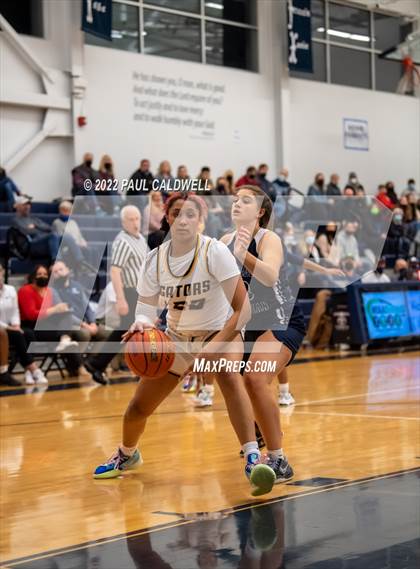 Thumbnail 2 in Cascade Christian vs. Annie Wright (1A District Playoff) photogallery.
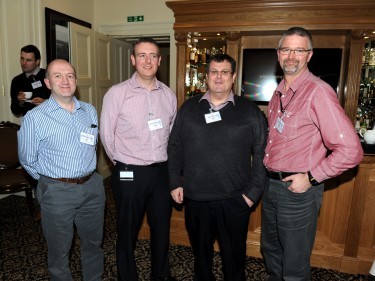 3Sun (L-R) Willie Linklater, Andy Jamieson, Kevin Todd and John Hird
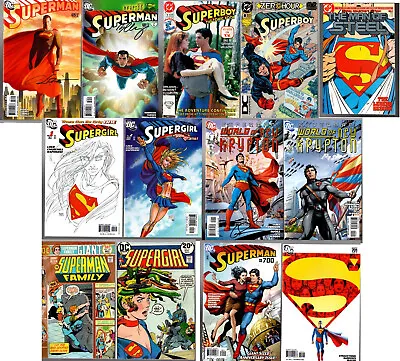 Buy SUPERMAN, MAN OF STEEL, KRYPTON, SUPERGIRL, SUPERBOY 67 Issues • 35.62£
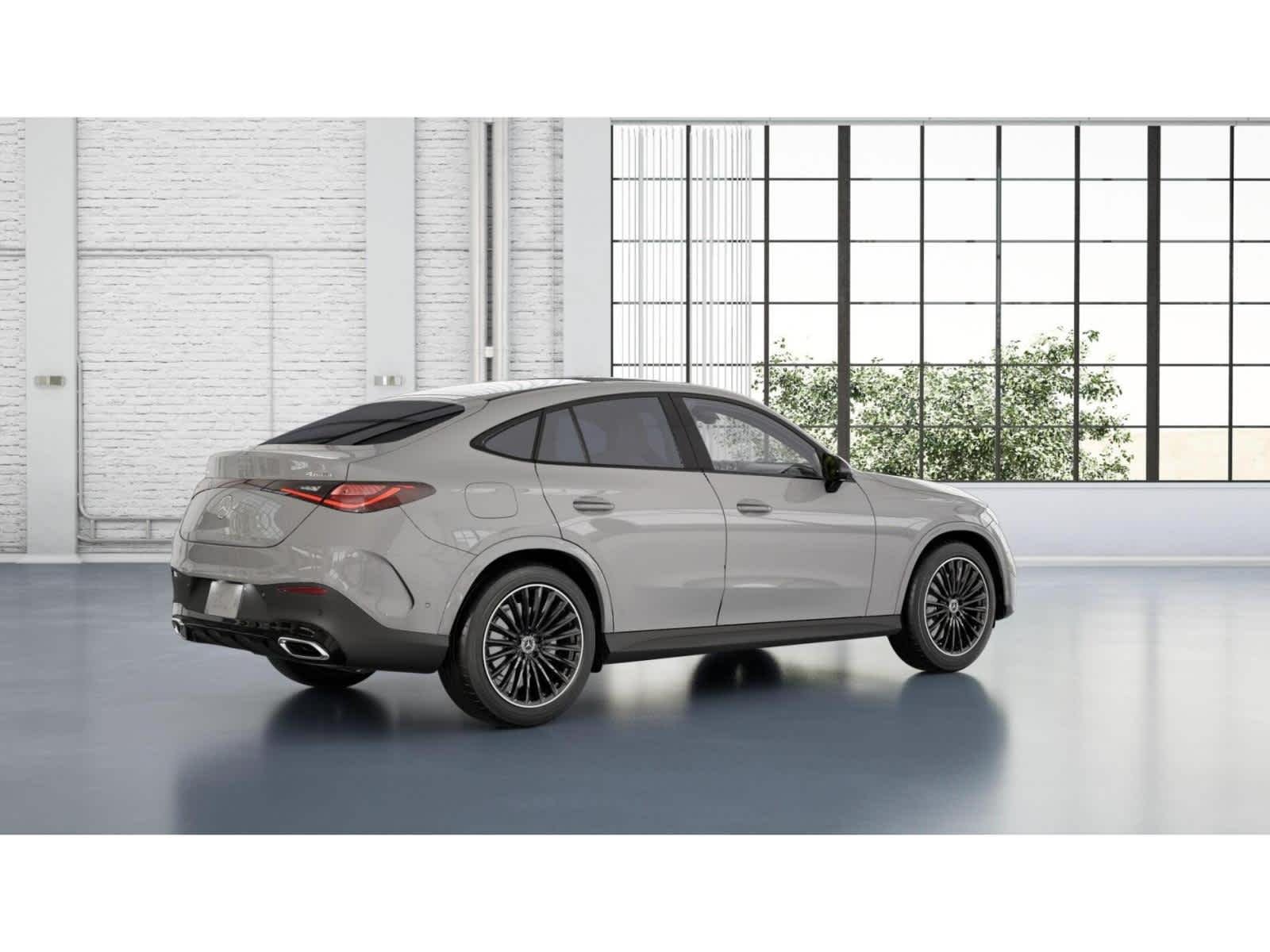 New 2027 MANUFAKTUR Alpine Grey Mercedes-Benz GLC 300 image 19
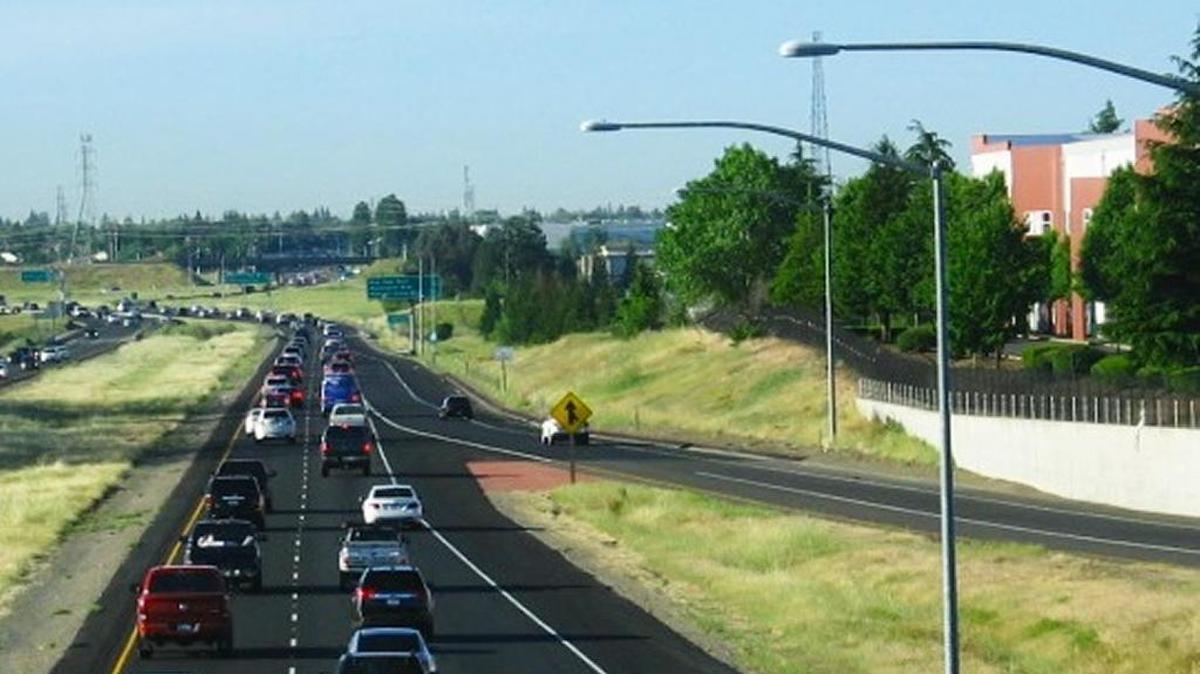 Highway 65 in Placer County.
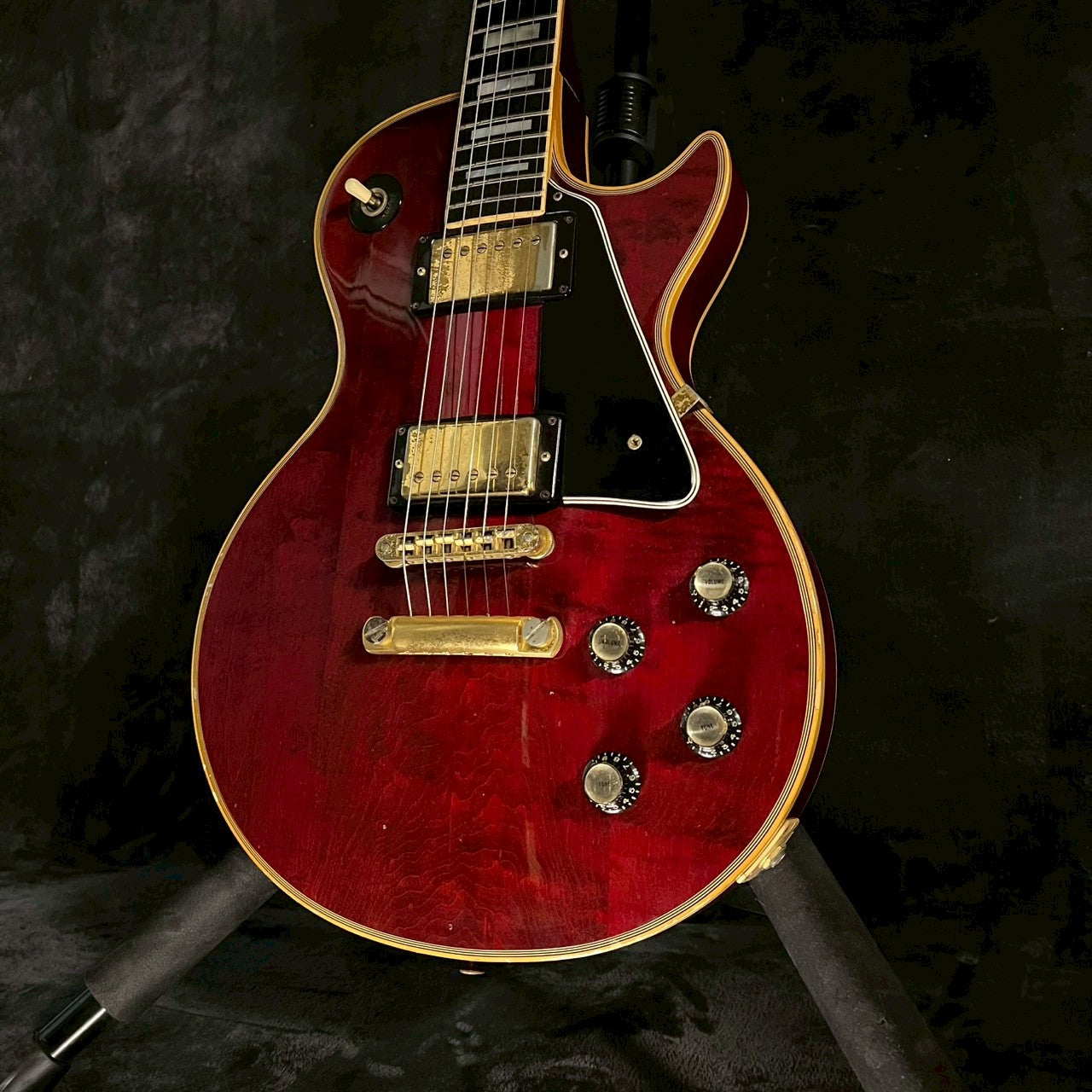 Gibson Les Paul Custom wine red 1977年製 【4.73kg】【USED】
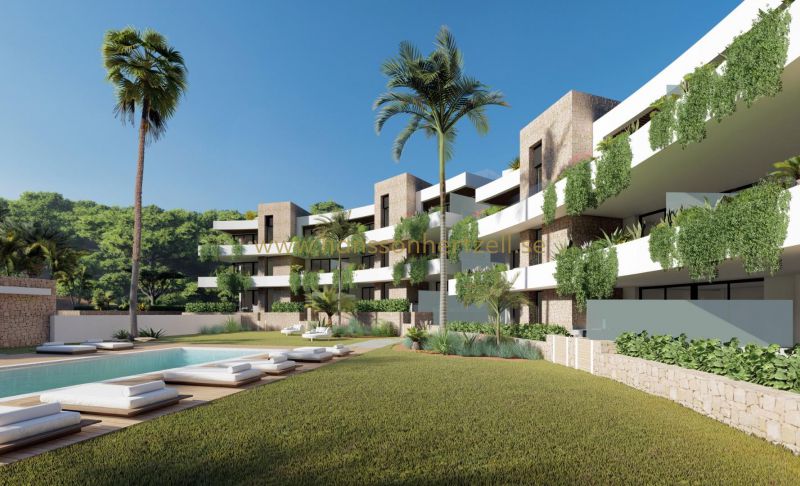 Lägenhet - Nybyggnad - Cartagena - La Manga del Mar Menor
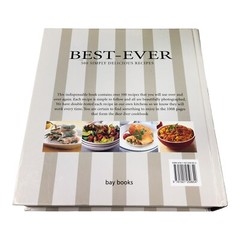 Best-Ever: 500 Simply Delicious Recipes Hardcover Book Illustrated 1008 Pages
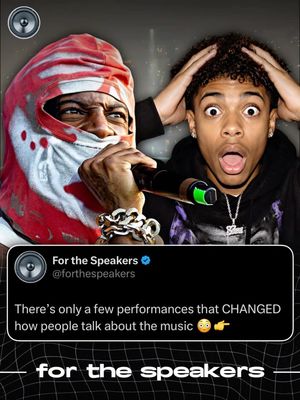 Image post by @forthespeakers on Instagram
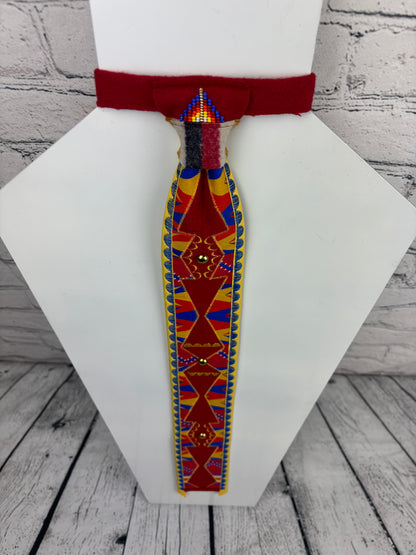 Simply Appliqué Necktie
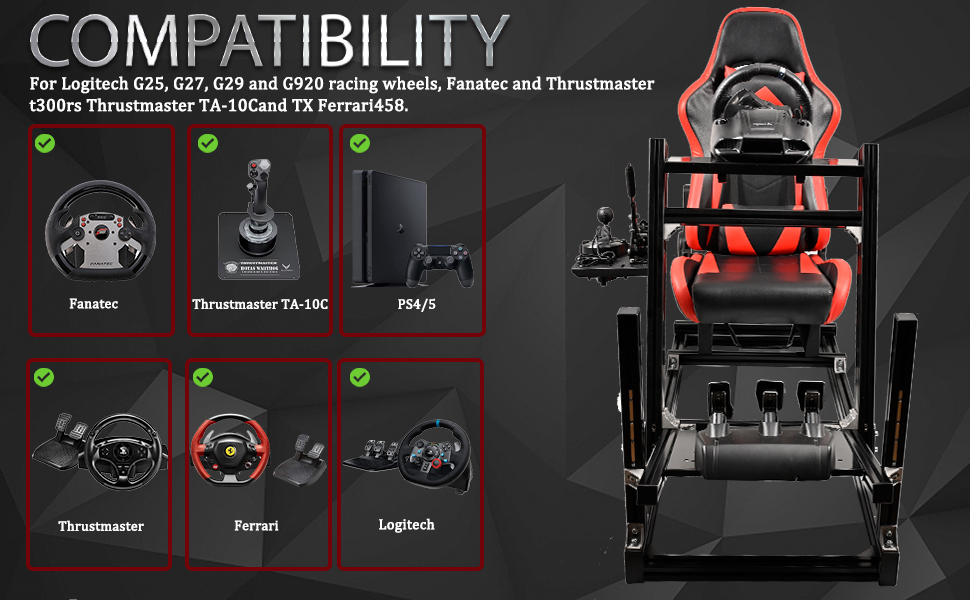 Sim Racing Cockpit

____

* **What you have to do**: Once you find the line that contains "Image post by @forthespeakers on Instagram", give it again along with every later line through the end of the data, word for word, minus the pictures.

* **Result of the exercise**:
 Image post by @forthespeakers on Instagram
 Simply Appliqué Necktie
 Sim Racing Cockpit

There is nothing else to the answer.